Excerpts from danceswithcrows's message of Wed May 06 11:41:52 -0700 2009:
> > On Wed, May 6, 2009 at 12:53 AM, Andrew "Tuna" Harris wrote:
> >> - Nobody with the company that produces the proprietary software  
> >> may say the word "plinth" out in public.
> 
> This would also be interesting.  But would it be enforceable?  ISTR
> that there are plenty of problems with unenforceable contracts, and
> a judge who didn't like you or hadn't been paid off might use that as
> a means to declare the license invalid.  Then again, IANAL.
>
Well my mom talked to her lawyer-friend about the terms of my license
today. He thinks that it could be valid.

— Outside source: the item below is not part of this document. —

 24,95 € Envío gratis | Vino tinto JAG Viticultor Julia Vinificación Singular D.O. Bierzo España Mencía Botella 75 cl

He said that these contracts do
require action on somebody's part, and this is a reasonable enough
condition.

> From: Alex Dean <a...@crackpot.org>
> > "It is alleged that, on April 1 2015, Defendant did knowingly and with  
> > malice aforethought duplicate software programs and code licensed by  
> > Plaintiff, and did expressly failed to comply with Subsection 3.2.15  
> > (Chicken Dance), commonly referred to as the 'Dancing Clause'.   
> > Plaintiff seeks relief in the immediate performance of said Dance by  
> > Defendant."
> 
> Then it'd be available in the public record.  Neat.  I wonder how much
> silliness would happen if, say, the next release of libtiff was only
> available under the Chicken Dance License.